Furious parents stormed from the doors of a South Baltimore elementary/middle school Thursday morning after a meeting with administrators about school safety, where they say school officials passed blame about how a gun came to be fired in the school.

The meeting came the day after two students brought guns to Maree Garnett Farring Elementary/Middle School in Brooklyn on Wednesday, and one went off in a bathroom. No students were hurt in the incident, but parents said they were frustrated by the lack of clarity surrounding how the school would guarantee student safety in the future.

Parents met with Principal Benjamin Crandall and other administrators, who spent several hours fielding their questions Thursday morning. But they said they came away with few answers as to how the elementary and middle school planned to improve its safety.

“They’re trying to get ideas of what to do now,” said Cynthia Damian, whose 7- and 5-year-old daughters attend the school. “They don’t have a plan. They’re just telling us basically what we want to hear and answering our questions, but the principal keeps redirecting our questions.”

Edie House Foster, a spokeswoman for the school system, said Crandall declined to comment.

In a statement Wednesday, city schools officials said they would provide police officers at the building during arrivals and dismissals for the rest of the week, as well as send officers by the school each day for periodic check-ins. Foster said the school would evaluate security at the end of the week to determine its next steps.

Alison Perkins-Cohen, chief of staff for Baltimore City Public Schools, said the school system had been in the process of bolstering school security across the city by ensuring all classroom doors can be locked, training staff in emergency preparedness protocols and issuing a new emergency preparedness guide.

“Most of those things are in place,” Perkins-Cohen said.

She said Crandall and school police will review protocols at Maree G. Farring and recommend changes.

Parents who attended Thursday’s meeting said those steps are not enough, and that they received few concrete details as to how the school would address safety concerns in the near term.

“What assures us as parents that the kids are going to be fine again?” Damian said. “How am I going to let my kids have a normal day at school knowing that somebody shot a gun in school? You see it happening on TV — you see like what happened in Florida, these crazy students shooting up schools. I mean, how do you want us as a parent to be calm?”

Some parents, like Datril Griffin, kept their children home from school Thursday. Griffin said he wanted answers as to how school safety would be strengthened before sending his 10-year-old daughter back to class.

“Till I find out whether they’re going to be able to keep her safe, then I’m not bringing her to school,” he said.
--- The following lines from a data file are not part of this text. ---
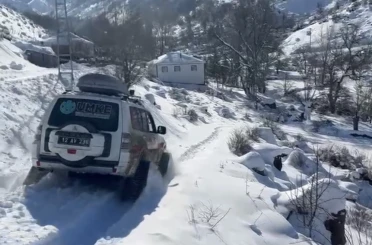 UMKE kar kış demeden hastalara umut oluyor 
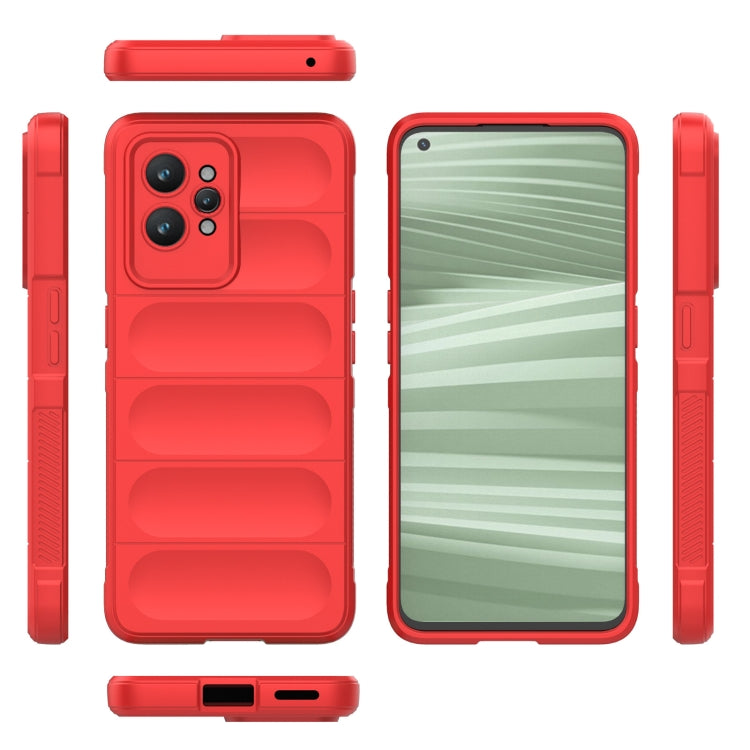 For Realme GT2 Pro Magic Shield TPU + Flannel Phone Case(Dark Green)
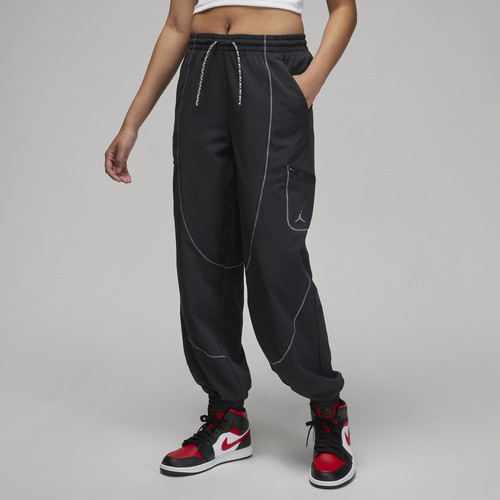 Jordan Womens Jordan Sport Tunnel Pants - Womens Black/Black Size M | Foot Locker (US)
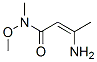 133147-00-9,2-BUTENAMIDE, 3-AMINO-N-METHOXY-N-METHYL-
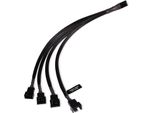 Alphacool 4250197186834 Alphacool Y-Splitter Da 4 Pin A 4X 4 Pin Pwm Nero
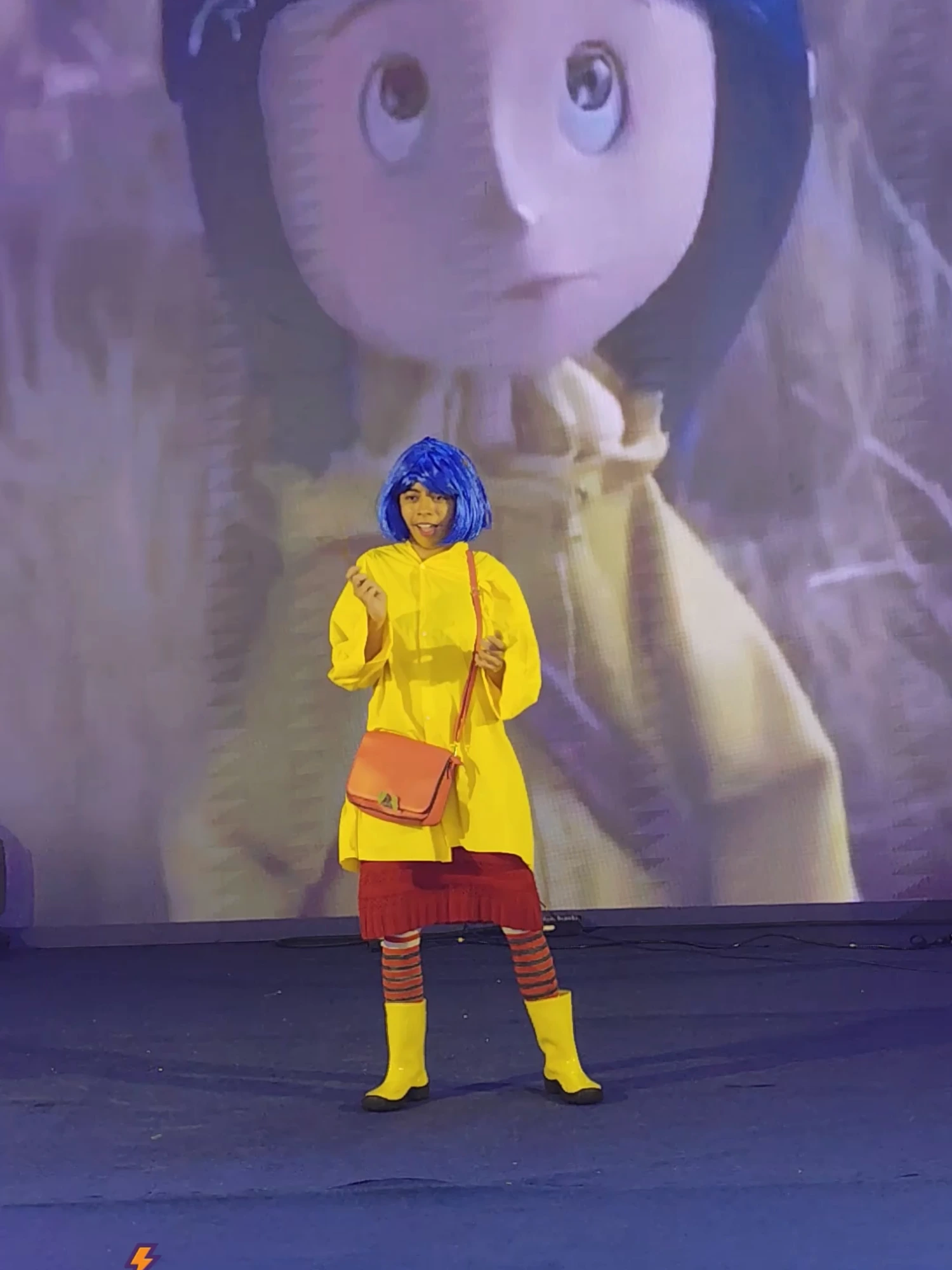 Desfile Cosplay Duda Secco @duda.player Coraline – Coraline e o Mundo Secreto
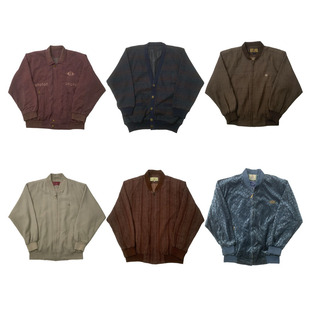 vintage古着美式复古中古港风棒球服工装阿美咔叽男女外套G209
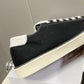 Celine Blank Low Lace Up Sneaker With Toe Cap In Canvas And Calfskin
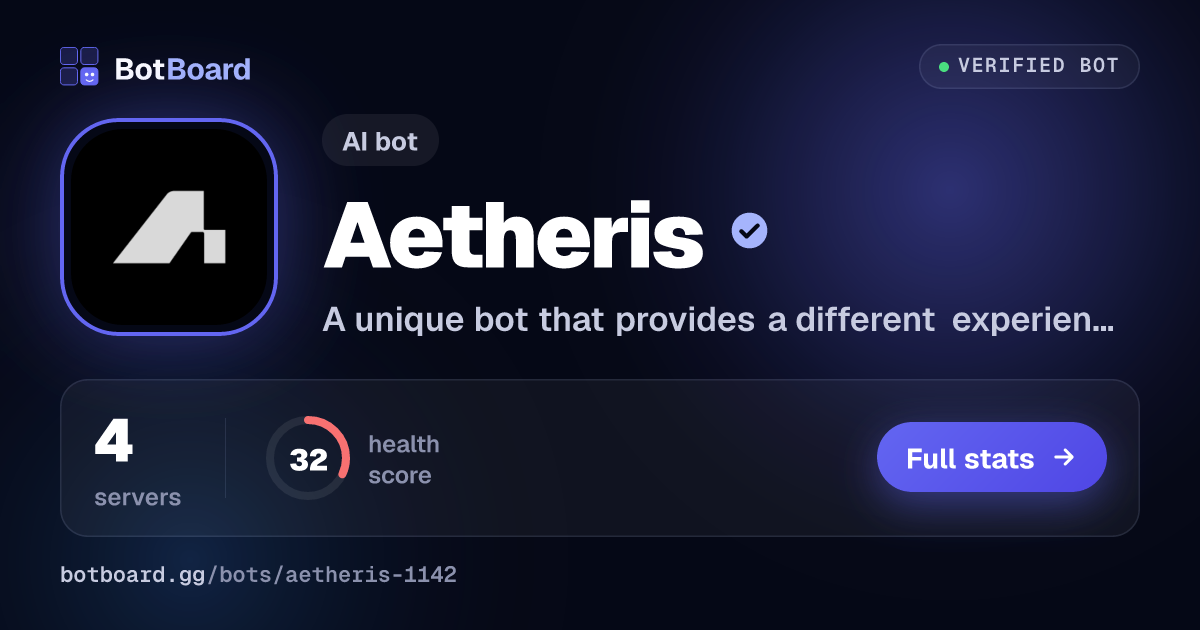 Share card for Aetheris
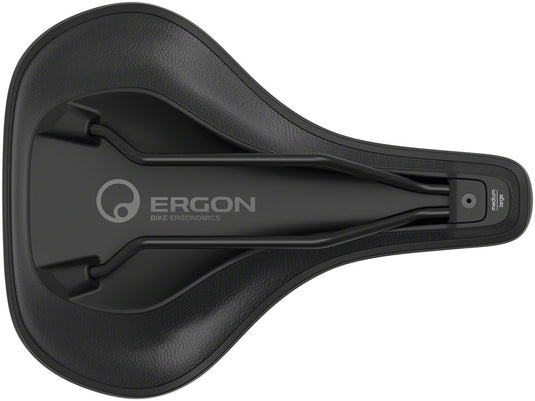 Ergon SC Core Prime Saddle MD/LG - Black/Gray Microfiber Cover Orthopedic Foam
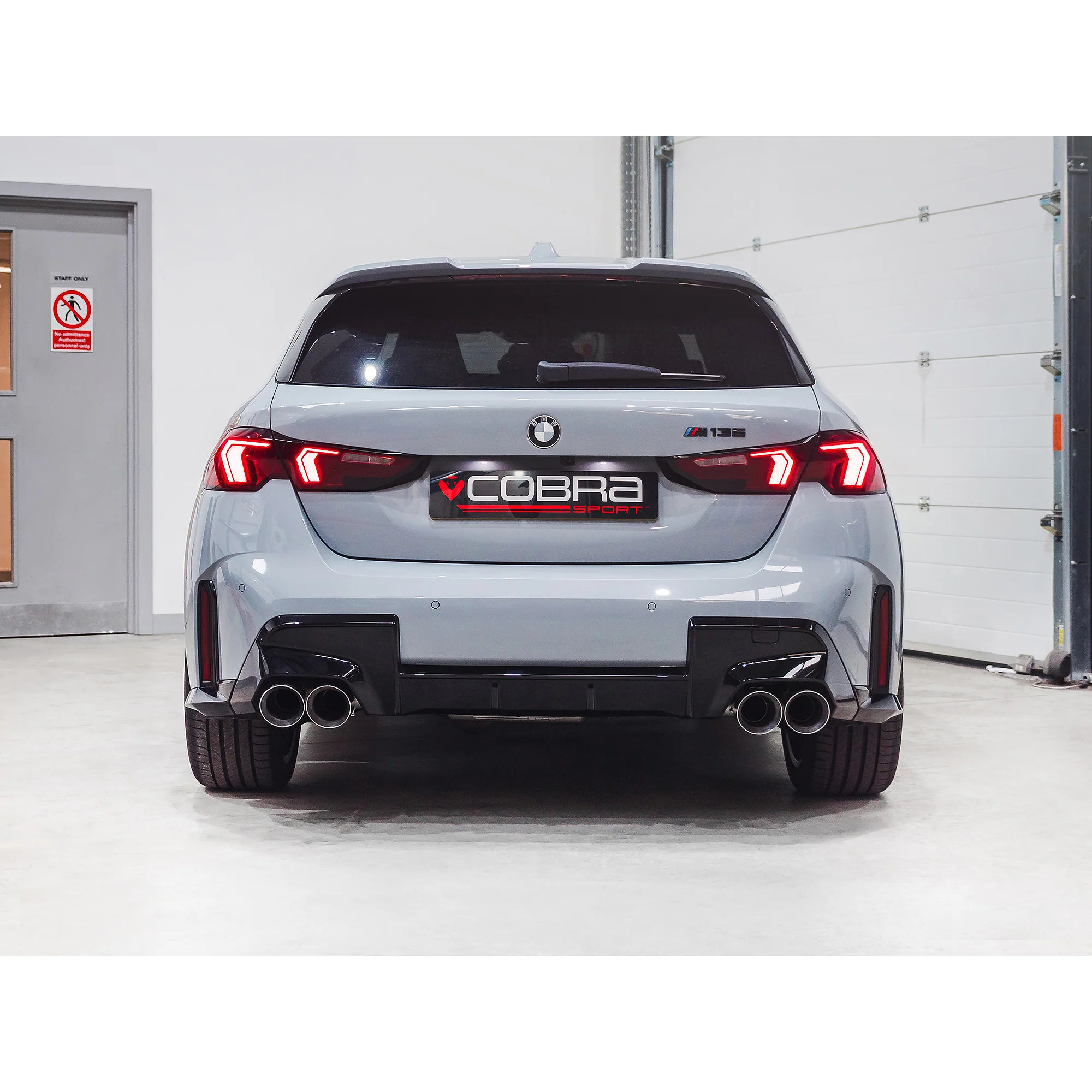BMW M135 (F70) Quad Exit GPF Back Performance Exhaust - Image 6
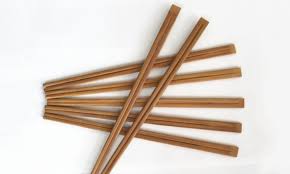 Smoked bamboo Brown chopsticks No cover 24cm 100pcs (30)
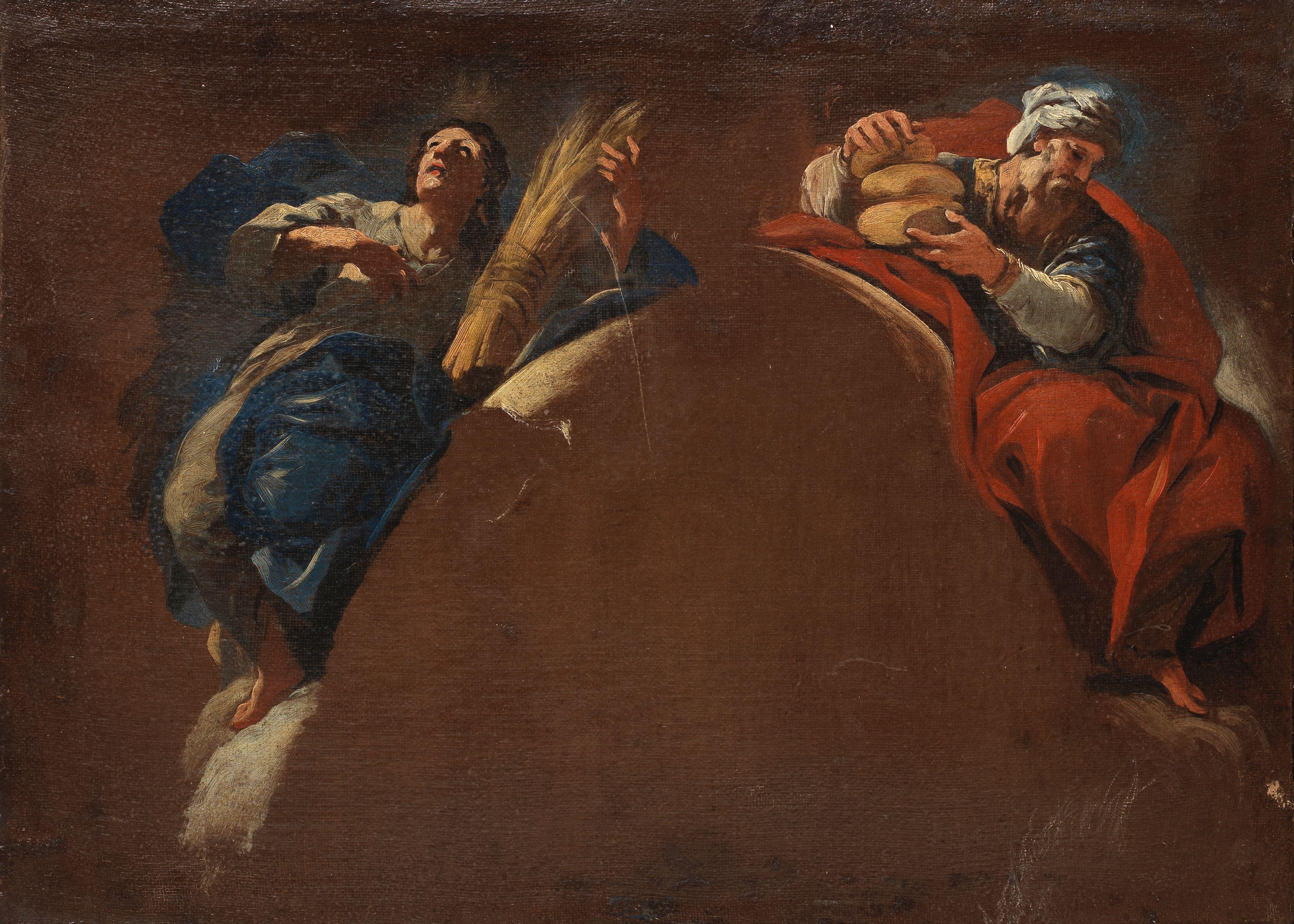 Luca Giordano - Moses and Joshua; and Elijah and Joseph (2)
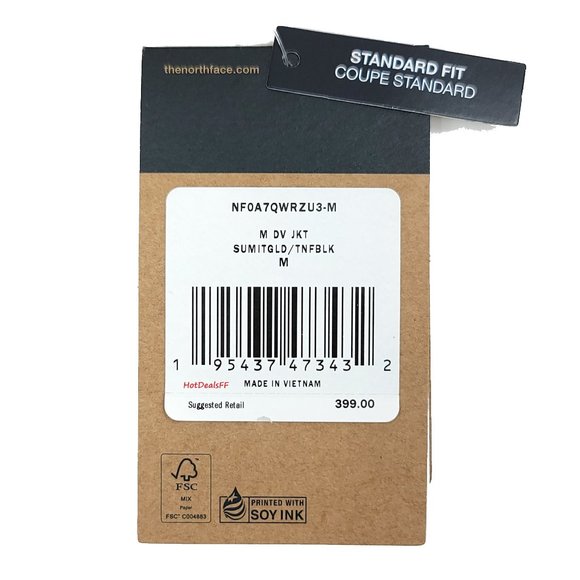 The North Face Men's SM-LRG DryVent Waterproof Shell Ski Summit Gold Jacket $400 - Picture 15 of 16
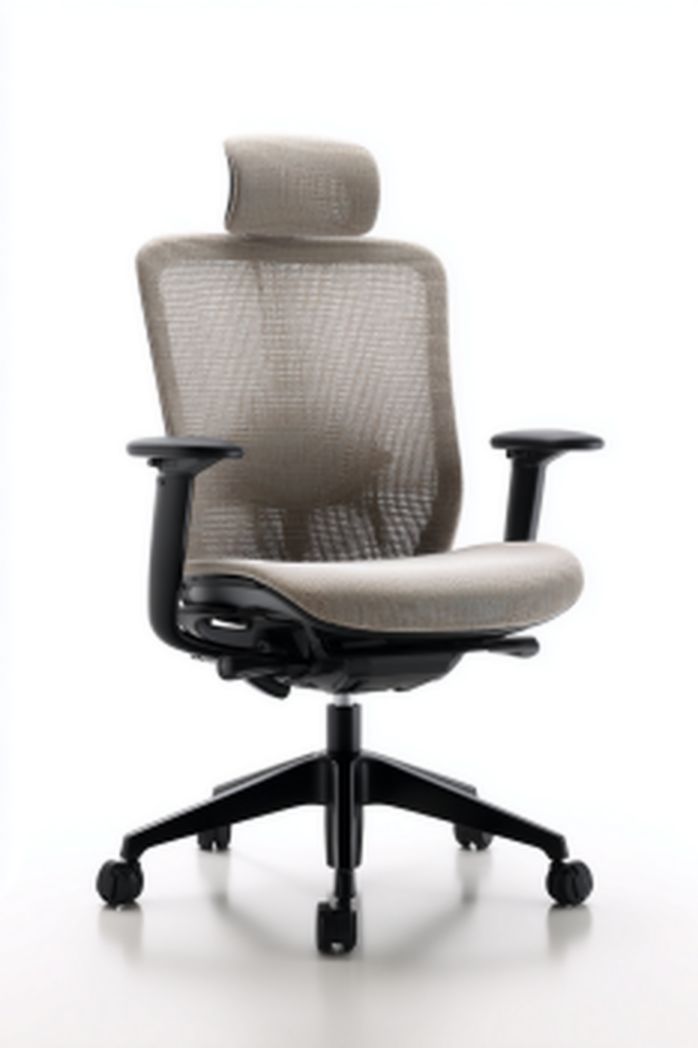 Bürostuhl mit ergonomischer Rückenlehne aus Netzmaterial-60 x 60 x 120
Virginia Robert said her two daughters, 7 and 9, were afraid to return to class.

“My daughter was terrified to come to school this morning,” she said. “I [brought] my kids to school today because at the end of the day education is a must, but I don’t feel safe and they don’t feel safe.”

Robert said she began to worry about safety when a student brought a knife to school last year. She and other parents lamented the violence in the larger Brooklyn neighborhood — problems they said trickle down to children in the school.

“How are you going to provide safety for our children if you can’t even provide safety for our neighborhood?” Robert said.

Perkins-Cohen praised Maree G. Farring’s response to the shooting.

“I think the school really handled this in a really effective way. It was dealt with very quickly when it occurred,” the school system’s chief of staff said. “If you had gone to the school yesterday, you wouldn’t have really even known than an incident occurred.”

Some parents said they suggested new solutions at the Thursday meeting, such as requiring students to carry clear backpacks. But the school did not yet commit to adopting any of those measures.

“It’s so easy to stay complacent,” said Ronald Phillips, who has a 6-year-old daughter at the school. “I didn’t hear anybody coming up with a real different solution to what we have been doing.”